UNIXという考え方読んだ

誕生日に id:aereal さんに頂いた本。ありがとうございます!

UNIXという考え方―その設計思想と哲学

UNIXという考え方―その設計思想と哲学

たいへん有名な本。原著は1994年に書かれていて、古典という感じ。

大きな一枚岩のソフトウェアよりも、cat、sort、uniq、sedやawkのような小さくて便利なツールを組み合わせることが好まれる。UNIXの世界には、こういった、UNIX開発者やユーザがが大事にしている哲学があり、そのおかげで、この本が書かれた1994年、そして現代においてもUNIXが広く使われることになった。この本では、そういったUNIXの考え方のエッセンスの部分を9つの定理にまとめてとして詳しく教えてくれる。

  • スモール・イズ・ビューティフル
  • 一つのプログラムには一つのことをうまくやらせる
  • できるだけ早く試作を作成する
  • 効率より移植性
  • 数値データはASCIIフラットファイルに保存する
  • ソフトウェアの挺子(てこ)を有効に活用する
  • シェルスクリプトを使うことで挺子(てこ)の効果と移植性を高める
  • 過度の対話的インタフェースを避ける
  • すべてのプログラムをフィルタにする

いくつか、おもしろかった部分をピックアップしてみよう。

第一のシステム、第二のシステム、第三のシステム

"できるだけ早く試作を作成する"について説明してくれる3章で説明されている第一、第二、第三のシステムの話が特におもしろい。曰く、人間にはこの三種類のシステムしか作れない。

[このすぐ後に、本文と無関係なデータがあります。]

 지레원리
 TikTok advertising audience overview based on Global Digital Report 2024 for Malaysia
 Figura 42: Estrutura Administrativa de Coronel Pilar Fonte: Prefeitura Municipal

第一のシステムは、一人もしくは少人数が、時間に追われる中で創造性を発揮し、勢い良く作ったシステムだ。時間追われたために、足りない機能もあるが無駄はなく効率的に動く。第一のシステムまったく新しい考え方を導入するので、はじめは世間には相手にされない。

しかし、第一のシステムが成功しはじめると、多くの人が集まってくる。そして、第一のシステムにより有用性が証明されたアイディアをもとにした新しいシステムが作られる。これが第二のシステムだ。第二のシステムは第一のシステムに目をつけた多くの参加者からなる委員会が機能を決定する。その結果として、多くの人の意見を取り込みすぎため、機能は多いが、無駄のある遅いシステムができあがる。多くの人に期待された第二のシステムは時には商業的にも成功するが、実はあまり役に立たない。

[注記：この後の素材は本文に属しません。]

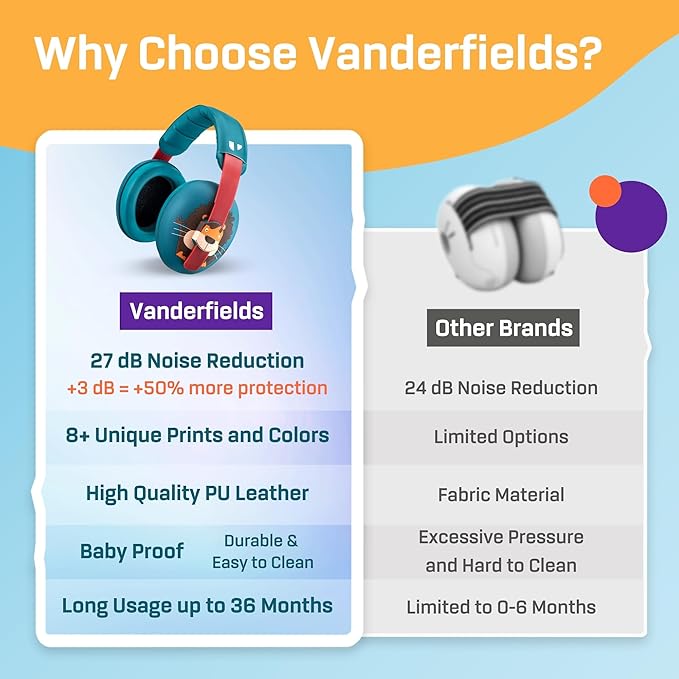 Vanderfields - Hearing Protection Ear Muffs - Over 33 dB (2K Hz) Broad Noise Cancelling Sound Reduction - Baby and Toddlers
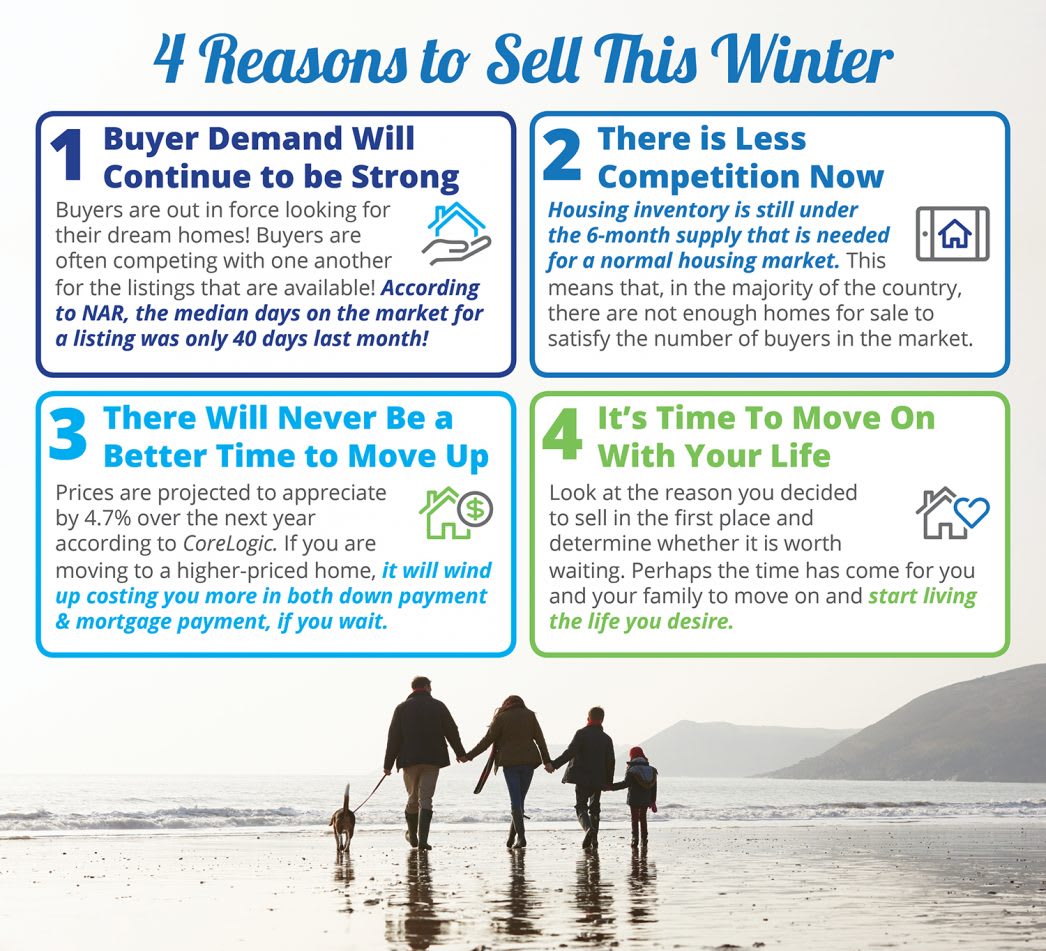 inception-app-prod/OGU0MjQ4NjMtYzFmNC00NzQyLTljZmUtZjc3Y2YwZGJmNmFi/content/2018/01/20180105-4-Reasons-To-Sell-Winter-STM-1046x951.jpg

第二のシステムの失敗に反省した人々が、第三のシステムを構築する。第三のシステムだけが、第一のシステムが発見したアイディアと第二のシステムの中で見つかった必要な機能をバランスよく取り入れて、やっと役に立つシステムを構築することができる。

UNIXの考え方では、なるべくはやく第三のシステムを構築するために、すばやく試作することをおすすめしている。直接、第三のシステムをつくることはできないのだ。

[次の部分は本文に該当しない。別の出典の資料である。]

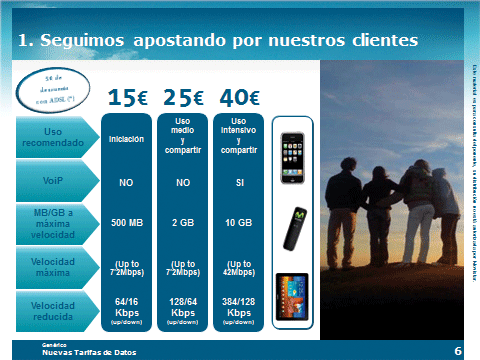 Telefónica simplifica sus tarifas de Internet Móvil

必ずしもこうだと言い切れるものではないだろうが、実感としては同意できる。よくできたと思えるソフトウェアが一度にできることはない。イテレイティブな開発が現代のアジャイル開発手法では推奨されているけども、1994年の時点でもこのような話があるのはおもしろい。

ソフトウェアに完成はない

ソフトウェアには常に改善の余地はあるのはもちろんだし、時間的な制約などでそのソースコードは必ずしも最高の状態が保たれているわけではない。曰く、ほとんどのソフトウェアは妥協の産物だ。完成することはなく、ただリリースがあるだけだ。

ソフトウェアや計算機が常に進化していることを意識しなければならない。UNIXの考え方はソフトウェアの進化にも強い。ソフトウェアを小さくてシンプルな部品に分割すれば、将来の変更に容易に対応できるし、ソフトウェアを容易に移植可能にしておけば、来年には利用できるようになる、よりはやい計算機でも簡単に動かすことができる。

この話もまったく納得するはなしで、ソフトウェアを常に進化する流動的なものとして扱うというのは、現代でもホットな話題だが、普段利用しているUNIXにもその考え方が息づいているというのも面白い。

シンプルなソフトウェアのコンポーネント化手法

小さなソフトウェアを組み合わせる方法がシンプルであることもUNIXでは重要だ。UNIXではパイプを通じたプロセス同士の通信の仕組みがあって、多くのソフトウェアがこのシンプルなインタフェースに準拠してる。第8章ではMHを例に複雑なメールアプリケーションが、40近くのコマンドの連携によって構築できることを示している。

ソフトウェアコンポーネントのように、ソフトウェア特定の機能群を部品として使う方法を標準化して、それらを組み合わせるだけでアプリケーションを構築できるようにするというアプローチはいろいろある(CORBAとか)が、大成功している例はあまりみない。たぶん気楽に試すには難しすぎるのではないかと思う。

UNIXのプロセス同士をパイプでつなげて通信する方法は、ソフトウェアコンポーネントほど複雑なことはできないが、そのシンプルさ故にアプローチとしては成功している。これくらいシンプルだと、ちょっと自分でも試してみようと思うし、シンプルなわりに強力なことができてしまうので、人気がでてエコシステムも潤う。バランスの妙という感じで真似できるならしたい。

まとめ

この本は、UNIXをお手本にしたソフトウェア工学について書かれた本だとも言えると思う。古典だが現代に通じる考え方が多くて参考になる。UNIXに慣れ親しんでいるひとは、あらためて読む必要はないかもしれないが、よくまとまっているのでポイントを整理するのにも良い。うすいしすぐ読める。

ときどき時代背景がわかる記述があるのもおもしろい。CD-ROMが今後のソフトウェア業界を大きく変化させるであろう、だとか当時の時事ネタを楽しめるのもおすすめ。